At the end of 1916, after a spell in France, he was appointed Chief of the British Military Mission with the Sharif of Mecca's forces in the Hejaz where he again worked with Lawrence and played a key role in the Arab Revolt.

After the capture of Wejh, the demolition raids on the Hejaz Railway were largely his work, along with his colleague Major Henry Hornby. Lawrence was later to pay Newcombe a blended compliment in his book Seven Pillars of Wisdom when he wrote; 'Newcombe is like fire,' they (the Arabs) used to complain, 'he burns friend and enemy', referring to his enthusiasm for destroying this vital artery that supplied the besieged Ottoman garrison in Medina.

Newcombe was captured during the Third Battle of Gaza leading a party of seventy men of the Imperial Camel Corps behind enemy lines to cut the Hebron road with machine-gun fire to prevent the Turkish garrison of Beersheba escaping the British advance. During heavy fighting with several Turkish battalions his force was surrounded and forced to surrender after running out of ammunition on 2 November 1917.

Newcombe was held in Turkey. He escaped from a prisoner-of-war camp at Brusa (Bursa) with the aid of a French woman, Mlle Elizabeth Chaki, and went into hiding in Istanbul. After helping draft peace proposals he eventually escaped but was too late to be involved in the signing of the armistice held on HMS Liverpool.
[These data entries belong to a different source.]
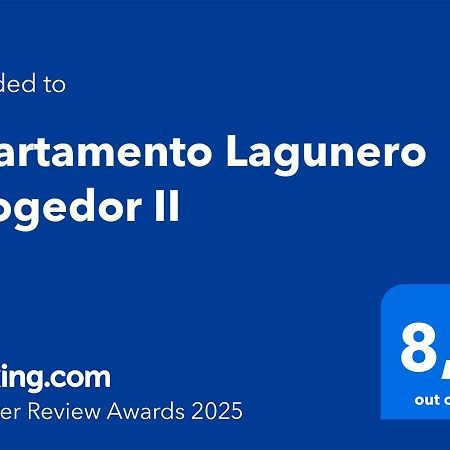 Apartamento Lagunero Acogedor II La Laguna  Exterior foto
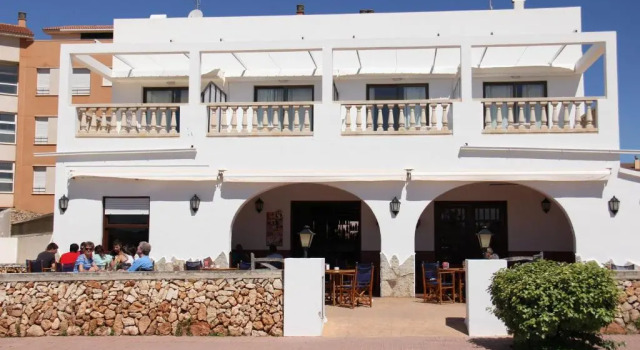 Hostal Sa Prensa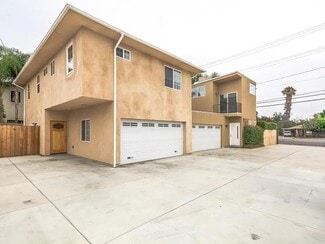 Reseda, CA Apartments - 7319 Tampa Ave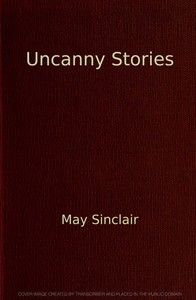 Book cover of "Uncanny Stories"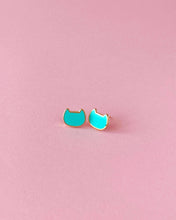 Load image into Gallery viewer, The Ziva - Cat Earrings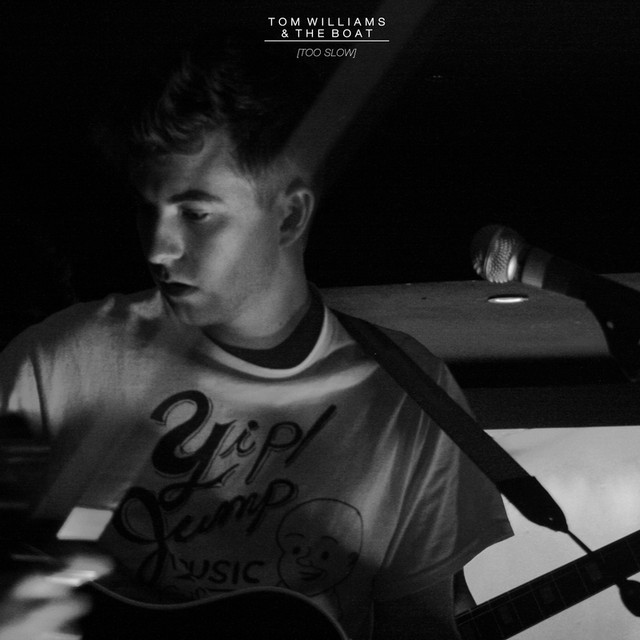 Too Slow album cover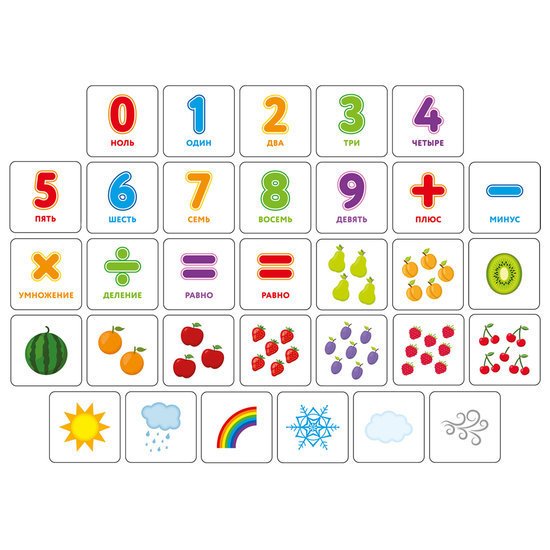 Конструктор BRAUBERG 663847 Kids Magnetic Big Blocks-64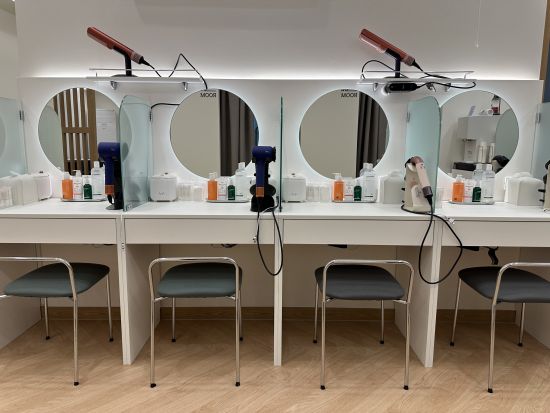 La:Hin「ラ・ヒン」2人同部屋施術あり親子で個室アカスリ体験可能♪ 明洞から一駅でアクセスも良好！＜7時～21時／女性専用／忠武路駅徒歩1分＞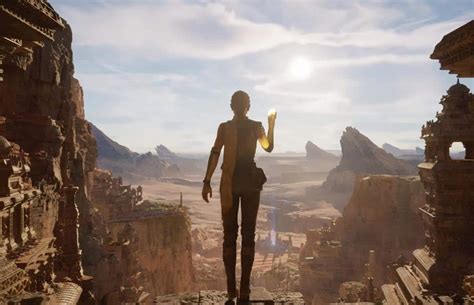 Unreal Engine 5 Games Out Now On Pc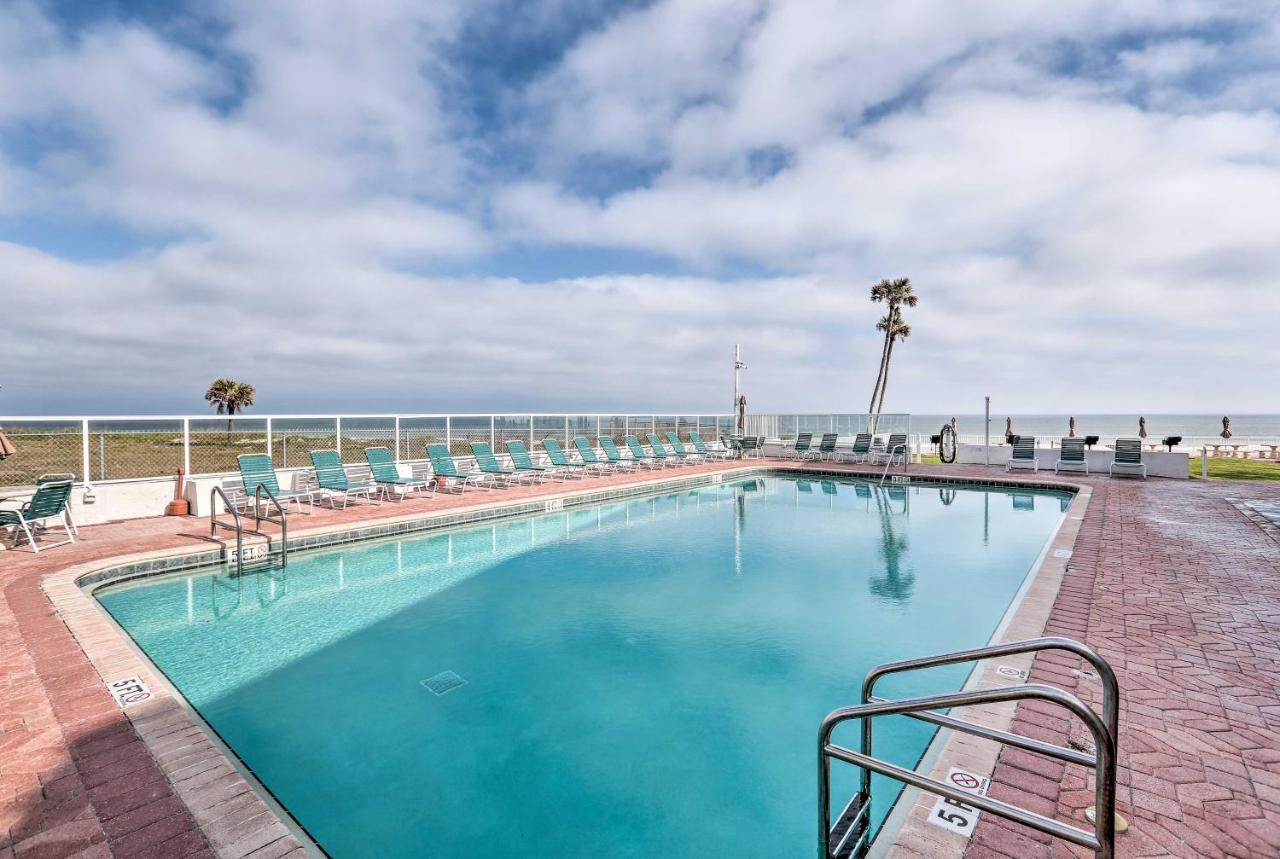 Waterfront Daytona Beach Studio With Pool Access! Esterno foto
Lowell Thomas, in his book With Lawrence in Arabia (1924), wrote "But months later, after having survived smallpox and all the other luxuries of Turkish prison life, the colonel escaped from his cell in Constantinople through the aid of a beautiful Syrian girl, who then concealed him in her home." (pg 304). "Then, as any born hero of melodrama would expect to do as the climax to his romantic career, he married the beautiful Syrian girl who had helped him escape---and we hope lived happily ever after." (pg 305)

==Marriage and later life==
Newcombe married Elsie Chaki in London in April 1919. Their son, born in 1920, was christened Stewart Lawrence in recognition of his father's friendship with T. E. Lawrence who became the boy's godfather. Their daughter Diana Louie, born 1921, became Baroness Elles. Newcombe went to Malta in 1929 as Chief Engineer, retiring in 1932.

In 1935, Newcombe was one of the six pallbearers at Lawrence's funeral.

As noted in the memoirs of David Ben-Gurion, Israel's first Prime Minister, Newcombe was in December 1937 involved in an effort to start negotiations between the Zionist Movement and prominent Palestinian Arabs, aimed at trying to end the violent confrontations then engulfing Mandatory Palestine. The initiative failed due to irreconcilable differences over the key issue of Jewish immigration to Palestine.

Newcombe's medals were sold at auction in 1992 but were then revealed to have been stolen in 1955.